Task goal: Every entry, from the first to the last, should be written out exactly.

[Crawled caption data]
::::::::
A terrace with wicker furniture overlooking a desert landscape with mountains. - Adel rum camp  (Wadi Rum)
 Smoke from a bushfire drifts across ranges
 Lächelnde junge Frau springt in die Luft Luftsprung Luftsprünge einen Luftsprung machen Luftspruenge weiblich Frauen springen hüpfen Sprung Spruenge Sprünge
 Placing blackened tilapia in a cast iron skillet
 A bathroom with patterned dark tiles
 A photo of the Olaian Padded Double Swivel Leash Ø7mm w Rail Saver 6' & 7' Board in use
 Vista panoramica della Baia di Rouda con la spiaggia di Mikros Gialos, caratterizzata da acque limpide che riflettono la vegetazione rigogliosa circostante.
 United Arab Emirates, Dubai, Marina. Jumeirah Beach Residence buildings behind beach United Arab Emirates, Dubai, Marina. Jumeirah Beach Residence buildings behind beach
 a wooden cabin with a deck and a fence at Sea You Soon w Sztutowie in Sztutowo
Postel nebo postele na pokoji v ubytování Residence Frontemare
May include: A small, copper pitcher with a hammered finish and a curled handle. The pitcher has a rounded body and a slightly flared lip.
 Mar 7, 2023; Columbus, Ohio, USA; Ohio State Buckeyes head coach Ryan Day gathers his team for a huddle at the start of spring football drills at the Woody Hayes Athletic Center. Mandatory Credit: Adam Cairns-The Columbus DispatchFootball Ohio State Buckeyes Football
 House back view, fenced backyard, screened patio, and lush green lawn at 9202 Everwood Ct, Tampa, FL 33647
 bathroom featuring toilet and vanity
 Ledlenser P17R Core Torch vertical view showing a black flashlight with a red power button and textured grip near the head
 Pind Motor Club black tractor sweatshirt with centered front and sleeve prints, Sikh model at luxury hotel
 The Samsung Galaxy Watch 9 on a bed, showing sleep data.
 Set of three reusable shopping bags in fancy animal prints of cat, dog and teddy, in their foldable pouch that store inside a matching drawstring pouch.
::::::::
Result for this task:
A terrace with wicker furniture overlooking a desert landscape with mountains. - Adel rum camp  (Wadi Rum)
 Smoke from a bushfire drifts across ranges
 Lächelnde junge Frau springt in die Luft Luftsprung Luftsprünge einen Luftsprung machen Luftspruenge weiblich Frauen springen hüpfen Sprung Spruenge Sprünge
 Placing blackened tilapia in a cast iron skillet
 A bathroom with patterned dark tiles
 A photo of the Olaian Padded Double Swivel Leash Ø7mm w Rail Saver 6' & 7' Board in use
 Vista panoramica della Baia di Rouda con la spiaggia di Mikros Gialos, caratterizzata da acque limpide che riflettono la vegetazione rigogliosa circostante.
 United Arab Emirates, Dubai, Marina. Jumeirah Beach Residence buildings behind beach United Arab Emirates, Dubai, Marina. Jumeirah Beach Residence buildings behind beach
 a wooden cabin with a deck and a fence at Sea You Soon w Sztutowie in Sztutowo
Postel nebo postele na pokoji v ubytování Residence Frontemare
May include: A small, copper pitcher with a hammered finish and a curled handle. The pitcher has a rounded body and a slightly flared lip.
 Mar 7, 2023; Columbus, Ohio, USA; Ohio State Buckeyes head coach Ryan Day gathers his team for a huddle at the start of spring football drills at the Woody Hayes Athletic Center. Mandatory Credit: Adam Cairns-The Columbus DispatchFootball Ohio State Buckeyes Football
 House back view, fenced backyard, screened patio, and lush green lawn at 9202 Everwood Ct, Tampa, FL 33647
 bathroom featuring toilet and vanity
 Ledlenser P17R Core Torch vertical view showing a black flashlight with a red power button and textured grip near the head
 Pind Motor Club black tractor sweatshirt with centered front and sleeve prints, Sikh model at luxury hotel
 The Samsung Galaxy Watch 9 on a bed, showing sleep data.
 Set of three reusable shopping bags in fancy animal prints of cat, dog and teddy, in their foldable pouch that store inside a matching drawstring pouch.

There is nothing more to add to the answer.